Vive nel subcontinente indiano, in paesi come India, Pakistan, Bangladesh e Sri Lanka. Si adatta a molti ambienti diversi: foreste dense, paesaggi aperti e persino zone semidesertiche. Trascorre gran parte del tempo in profonde tane che scava nel terreno, dove si rifugia e riposa durante il giorno.
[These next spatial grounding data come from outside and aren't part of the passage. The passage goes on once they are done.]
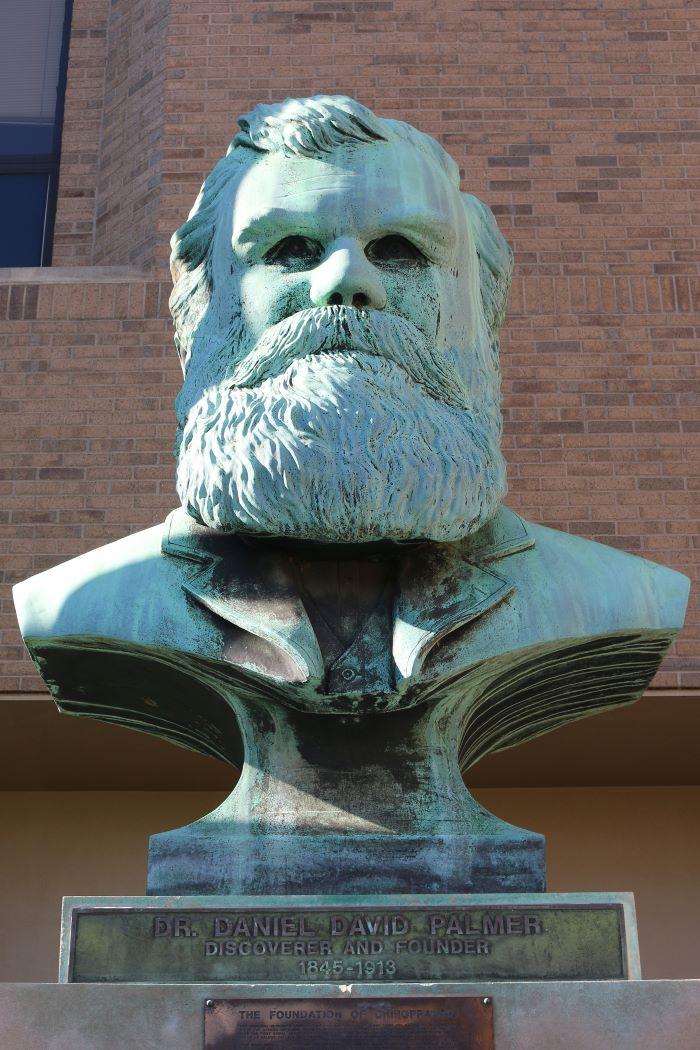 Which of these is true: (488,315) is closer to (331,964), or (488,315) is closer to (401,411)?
(401,411)

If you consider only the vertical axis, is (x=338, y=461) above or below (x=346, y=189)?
below

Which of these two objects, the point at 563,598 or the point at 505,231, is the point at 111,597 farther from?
the point at 505,231

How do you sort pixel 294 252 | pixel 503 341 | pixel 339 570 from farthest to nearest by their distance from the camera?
pixel 503 341, pixel 294 252, pixel 339 570

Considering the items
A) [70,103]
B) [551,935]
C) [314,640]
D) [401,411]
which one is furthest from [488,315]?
[70,103]

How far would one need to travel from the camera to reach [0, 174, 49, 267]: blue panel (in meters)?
9.30

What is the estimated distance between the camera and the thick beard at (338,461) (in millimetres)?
3314

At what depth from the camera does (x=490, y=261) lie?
160 inches

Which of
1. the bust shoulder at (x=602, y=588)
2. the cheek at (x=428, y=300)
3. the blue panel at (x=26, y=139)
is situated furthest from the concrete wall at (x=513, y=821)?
the cheek at (x=428, y=300)

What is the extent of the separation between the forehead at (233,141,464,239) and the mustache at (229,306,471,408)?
25 centimetres

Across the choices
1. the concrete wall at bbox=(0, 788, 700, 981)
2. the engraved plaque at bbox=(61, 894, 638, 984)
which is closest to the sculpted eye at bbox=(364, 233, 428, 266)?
the engraved plaque at bbox=(61, 894, 638, 984)

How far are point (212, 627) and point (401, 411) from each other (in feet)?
2.09

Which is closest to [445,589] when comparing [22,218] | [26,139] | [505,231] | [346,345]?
[346,345]

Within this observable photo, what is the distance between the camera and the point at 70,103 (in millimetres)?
9195

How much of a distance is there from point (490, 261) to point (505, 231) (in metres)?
4.05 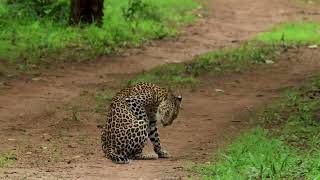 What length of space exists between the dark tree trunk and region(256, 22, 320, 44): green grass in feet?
12.9

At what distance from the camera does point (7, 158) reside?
805cm

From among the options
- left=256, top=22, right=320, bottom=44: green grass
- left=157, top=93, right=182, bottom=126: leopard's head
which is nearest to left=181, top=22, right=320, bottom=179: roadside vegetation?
left=157, top=93, right=182, bottom=126: leopard's head

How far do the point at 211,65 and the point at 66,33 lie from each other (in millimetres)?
3641

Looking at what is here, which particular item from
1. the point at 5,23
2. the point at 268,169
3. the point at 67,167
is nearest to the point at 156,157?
the point at 67,167

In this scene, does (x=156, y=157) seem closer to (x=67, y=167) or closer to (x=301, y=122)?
(x=67, y=167)

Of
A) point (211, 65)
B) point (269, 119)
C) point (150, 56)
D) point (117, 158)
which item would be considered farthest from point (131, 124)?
point (150, 56)

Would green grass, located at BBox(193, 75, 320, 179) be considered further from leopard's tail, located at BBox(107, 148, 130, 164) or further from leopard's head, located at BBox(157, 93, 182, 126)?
leopard's tail, located at BBox(107, 148, 130, 164)

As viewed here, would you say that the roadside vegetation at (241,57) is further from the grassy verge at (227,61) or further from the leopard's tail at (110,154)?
the leopard's tail at (110,154)

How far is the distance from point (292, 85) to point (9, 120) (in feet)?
16.6

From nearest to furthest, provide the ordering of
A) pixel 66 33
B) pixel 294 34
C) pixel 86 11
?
pixel 66 33, pixel 86 11, pixel 294 34

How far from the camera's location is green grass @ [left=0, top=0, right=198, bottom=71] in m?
→ 14.9

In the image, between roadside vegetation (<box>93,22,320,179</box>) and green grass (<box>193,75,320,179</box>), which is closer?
green grass (<box>193,75,320,179</box>)

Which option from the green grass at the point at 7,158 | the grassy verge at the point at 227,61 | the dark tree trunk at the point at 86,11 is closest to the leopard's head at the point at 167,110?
the green grass at the point at 7,158

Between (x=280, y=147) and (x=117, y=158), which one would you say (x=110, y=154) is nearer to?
(x=117, y=158)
Comportamento e alimentazione

È un animale notturno e solitario, che di giorno dorme nelle sue gallerie e di notte esce a caccia. È un insettivoro specializzato: si nutre quasi esclusivamente di formiche e termiti, che scova aprendo formicai e termitai con i suoi potenti artigli e cattura con la lunga lingua appiccicosa. Quando si sente minacciato, si arrotola su se stesso formando una palla ben serrata, protetto dalle squame contro predatori anche grandi come la tigre.

Curiosità

Il pangolino indiano, pur essendo prevalentemente terricolo, è anche un buon arrampicatore e può usare la coda per aiutarsi. Non avendo denti, ingerisce piccoli sassolini e sabbia che, insieme ai potenti muscoli dello stomaco, gli servono a triturare gli insetti di cui si nutre.

Conservazione

Il pangolino indiano è una specie in pericolo. La caccia illegale è la sua principale minaccia: viene ucciso per le squame e altre parti del corpo, usate nella medicina tradizionale e commerciate sul mercato nero internazionale. A questo si aggiungono la perdita di habitat e l'elevata densità umana nel suo areale. È oggi uno dei mammiferi più trafficati al mondo e necessita di rigorose misure di protezione.

Pro

  • Armatura di squame unica tra i mammiferi
  • Prezioso controllore di formiche e termiti
  • Sa arrotolarsi a palla per difendersi
  • Si adatta a molti ambienti diversi

Contro

  • Specie in pericolo di estinzione
  • Tra i mammiferi più trafficati al mondo
  • Minacciato da bracconaggio e perdita di habitat

Domande frequenti

Perché il pangolino indiano ha le squame?
Le squame, fatte di cheratina come le nostre unghie, formano un'armatura protettiva. Sono le più grandi tra tutti i pangolini asiatici e si mimetizzano con il terreno. Quando è minacciato, l'animale si arrotola a palla ben serrata, protetto dalle squame anche contro predatori grandi come la tigre.
Di cosa si nutre il pangolino indiano?
È un insettivoro specializzato che si nutre quasi esclusivamente di formiche e termiti. Le scova aprendo formicai e termitai con i potenti artigli delle zampe anteriori e le cattura con la lunga lingua appiccicosa.
Il pangolino indiano è in pericolo?
Sì, è classificato come specie in pericolo. La caccia illegale per le squame e altre parti del corpo, usate nella medicina tradizionale e commerciate sul mercato nero, ne fa uno dei mammiferi più trafficati al mondo, insieme alla perdita di habitat.
Come fa a digerire senza denti?
Non avendo denti, ingerisce piccoli sassolini e sabbia che, insieme ai potenti muscoli dello stomaco, gli servono a triturare gli insetti di cui si nutre, svolgendo una funzione simile a quella dei denti.